#### [Material for this exercise]
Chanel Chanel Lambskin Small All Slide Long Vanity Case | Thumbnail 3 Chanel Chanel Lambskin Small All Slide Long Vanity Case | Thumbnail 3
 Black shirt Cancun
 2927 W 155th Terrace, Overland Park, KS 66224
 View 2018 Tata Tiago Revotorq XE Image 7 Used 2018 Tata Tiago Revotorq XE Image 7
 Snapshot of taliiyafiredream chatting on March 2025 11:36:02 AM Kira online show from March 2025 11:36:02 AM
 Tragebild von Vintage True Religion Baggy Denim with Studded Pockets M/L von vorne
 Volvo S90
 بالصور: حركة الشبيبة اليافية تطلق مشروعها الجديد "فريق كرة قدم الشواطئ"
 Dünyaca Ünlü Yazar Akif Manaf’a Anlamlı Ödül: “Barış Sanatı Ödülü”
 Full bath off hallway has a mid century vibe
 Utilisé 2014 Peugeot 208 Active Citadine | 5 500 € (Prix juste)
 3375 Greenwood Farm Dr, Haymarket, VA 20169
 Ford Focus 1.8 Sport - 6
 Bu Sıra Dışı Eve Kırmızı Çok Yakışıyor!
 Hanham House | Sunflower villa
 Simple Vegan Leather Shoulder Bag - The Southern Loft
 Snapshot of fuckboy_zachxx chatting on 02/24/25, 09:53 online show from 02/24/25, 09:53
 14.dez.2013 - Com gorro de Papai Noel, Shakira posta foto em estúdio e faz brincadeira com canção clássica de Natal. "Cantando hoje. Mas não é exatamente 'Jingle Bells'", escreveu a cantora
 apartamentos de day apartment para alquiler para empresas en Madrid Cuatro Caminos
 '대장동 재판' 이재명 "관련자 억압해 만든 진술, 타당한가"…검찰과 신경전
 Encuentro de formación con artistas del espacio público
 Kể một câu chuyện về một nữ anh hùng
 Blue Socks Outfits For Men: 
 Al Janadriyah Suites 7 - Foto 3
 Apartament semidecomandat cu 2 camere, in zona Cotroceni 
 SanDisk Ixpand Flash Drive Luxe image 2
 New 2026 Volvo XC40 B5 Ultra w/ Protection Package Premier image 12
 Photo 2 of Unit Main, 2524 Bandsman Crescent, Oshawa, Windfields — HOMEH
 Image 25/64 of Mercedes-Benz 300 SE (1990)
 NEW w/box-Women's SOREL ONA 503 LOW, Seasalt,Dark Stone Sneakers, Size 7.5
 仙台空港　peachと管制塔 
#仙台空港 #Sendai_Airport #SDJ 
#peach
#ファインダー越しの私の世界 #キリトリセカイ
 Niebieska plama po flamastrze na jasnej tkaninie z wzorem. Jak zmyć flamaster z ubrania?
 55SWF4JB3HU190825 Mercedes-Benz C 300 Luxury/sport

#### [Task statement]
Return each line among the entries that holds the word "Volvo".

#### [Completed task]
 Volvo S90
 New 2026 Volvo XC40 B5 Ultra w/ Protection Package Premier image 12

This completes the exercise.